The demographics survey was comprised of two components: general information (e.g., name, age, gender, academic status), and computer technology experience. The majority of the students rated themselves as comfortable with both computers (71%) and with the Web (71%), and perceived themselves as intermediate users for both web experience (71%) and search engine experience (62%). For their experience level with electronic databases, 48% of the participants chose the nonuser label, but only 5% considered themselves advanced users. The remaining 47% were evenly distributed between novice and intermediate users. Using a 5-point scale, the participants rated the relevancy of retrieved cases. The relevance of cases retrieved with the Keyword Search tool was 3.12, and the average relevancy using Super Search was 3.69. The results from a paired-samples t-test indicate statistically significant differences (p = .002) between relevancy ratings for Super Search and Keyword. That is, subjects rated cases found using Super Search more relevant to the search tasks than cases found using the Keyword Search tool.
The qualitative data indicates that the participants' previous search experience did affect their perception of the KITE search engine. The observations and search tasks responses revealed that most users perceived the Super Search as a method to provide more options for narrowing their search. They believed that the more search criteria chosen (e.g., grade level, subject area, type of technology, etc.) would "limit" the number of cases retrieved. However, the search engine actually uses these criteria to expand the number of potential matches and not to narrow it.

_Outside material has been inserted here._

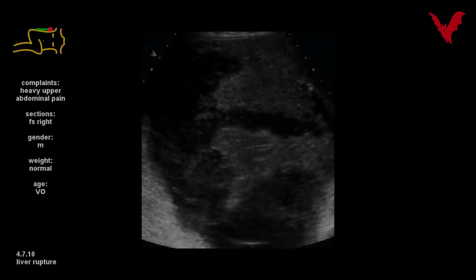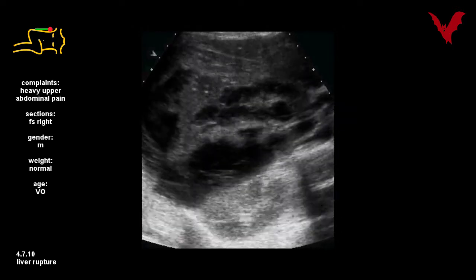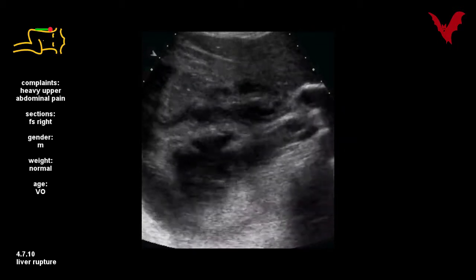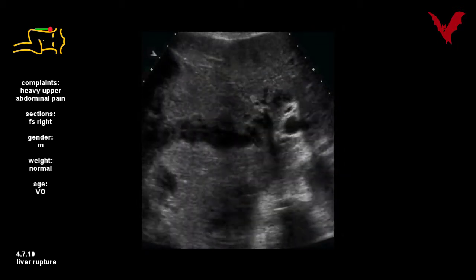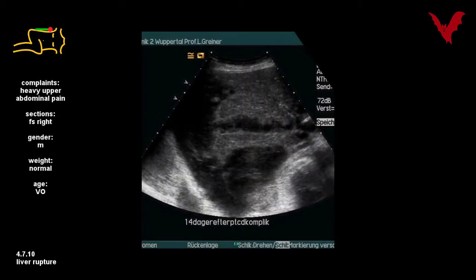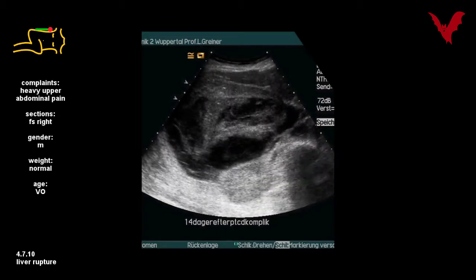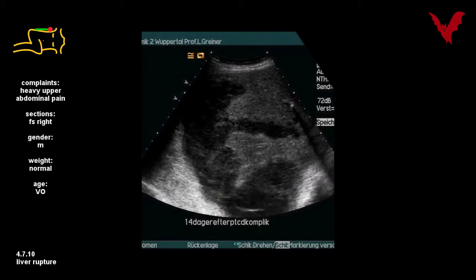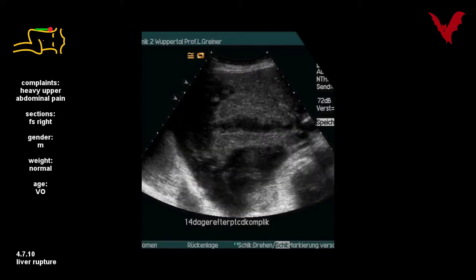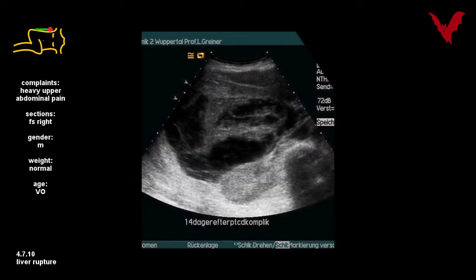This rare complication of liver rupture in 4.7.10 happened due to uncontrolled inspiration in an elderly lady during successful PTCD placement — percutaneous transhepatic cholangio-drainage. After two months, the lady could be discharged.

There was an additional misperception among the participants. They believed that when the Super Search provided more results than Keyword Search, it was an indication that Super Search performed better even though many retrieved cases did not "perfectly" match the search scenario. Many participants commented that they expected to find cases that could be immediately applied to their specific instructional environment. Therefore, the main issue was how the information could be used when it was retrieved, more so than how to use the search options.
The positive and negative search tasks represented realistic situations that users encounter when using a database. Oftentimes, users might believe that they are not using the system appropriately because they do not receive any results. In reality, some users fail to realize that databases may not contain a solution or case that matches their search query. This fact was evident during the negative search tasks. For our study, the participants did not know that the negative task would not produce a relevant case that represented the criteria stated in the search scenario. When asked about their search performances and results, several participants expressed disappointment with their queries and assumed that they were not accurately performing the search. The authors realize that this perception may also have been influenced by the artificial nature of the research study. Meaning, when participants were asked to perform the search task, some may have assumed that there must be at least one case that fits the search tasks. Also, some participants may have believed that the researchers would not have them perform a search task wherein there was not a case that fit the search scenario.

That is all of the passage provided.